The Lower Thames Crossing will connect Essex and Kent © National Highways
The Lower Thames Crossing will connect Essex and Kent © National Highways

What is procurement's role in building the UK's 'greenest ever road'?

Will Green is news editor of Supply Management
30 September 2022

The procurement team on the UK Lower Thames Crossing project is breaking new ground with ways to cut carbon.

Katharina Ferguson, procurement programme director on the scheme, told Supply Management they had an ambition that “people will look back on at the programme and say, ‘Wow, they really did make a difference’”.

The project will see a new tunnel beneath the Thames and associated roads east of London to relieve pressure on the overloaded Dartford Crossing, a vital freight route between Essex and Kent, with a target completion date in 2029-30.

It is described as the most ambitious roads project since the M25 was completed 35 years ago and aims to be the “greenest road ever built in the UK”.

The 40-strong procurement team is currently in the process of evaluating bids for each of the three main contracts, ranging in value from £600m to £2.3bn, which cover Kent roads, tunnels, and roads north.

In a first for a major infrastructure project a carbon model has been developed that breaks down the design based on CO2 emissions, in a similar way to a bill of quantities. This was presented to potential bidders for review and feedback.

Alongside this a carbon baseline has been set which is 30% below normal emissions on a construction project, which bidders must meet and ideally better.

Ferguson said it was “all about the quality of their solution”.

“So, what are you going to do now but also what are you going to do in three or 10 years’ time in order to meet ongoing carbon reduction?” she said.

“What we want is the best team who are investing the most in innovation, research and science and getting the right people to make it their company’s business to worry about carbon, so that long term have a partner that can deliver the absolute lowest carbon possible in the programme.

“We have an incentivisation mechanism where we will provide additional funding for any carbon ideas that could further reduce emissions.”

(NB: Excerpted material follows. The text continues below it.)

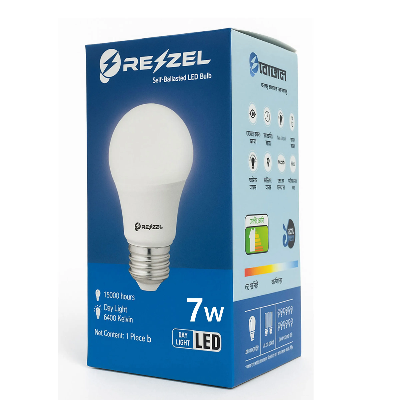 Picture of Rezzel LED Bulb 3-Piece Combo Pack (18w, 12w, 7w)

She told SM the response from bidders had been “incredibly positive”.

“It’s really interesting to see how they’ve approached it and stepped up. It’s almost like they want to be part of the journey.

“We’ve got the willingness, we’ve got the contractual mechanism, we’re procuring it. And you know, we now just need to get the right delivery partners on board.”

Ferguson said steel, cement, asphalt and diesel accounted for around three-quarters of the project’s carbon emissions. She said they were looking towards hydrogen, low-carbon steel, and different cement mixes to reduce emissions, but getting the design right and cutting waste were critical areas.

Social value is central to the project, making up 26% of the total score in tender evaluations.

This includes environment and carbon, local supply chain and SMEs, skills, education, employment, and impact on local communities.

“What do you want to achieve and what legacy do you want to leave?” Ferguson said. “And particularly on these massive infrastructure programmes, that's just so essential because it’s public money, it impacts so many people. So if we can’t leave a good legacy at the end of it, we haven’t done our job properly.”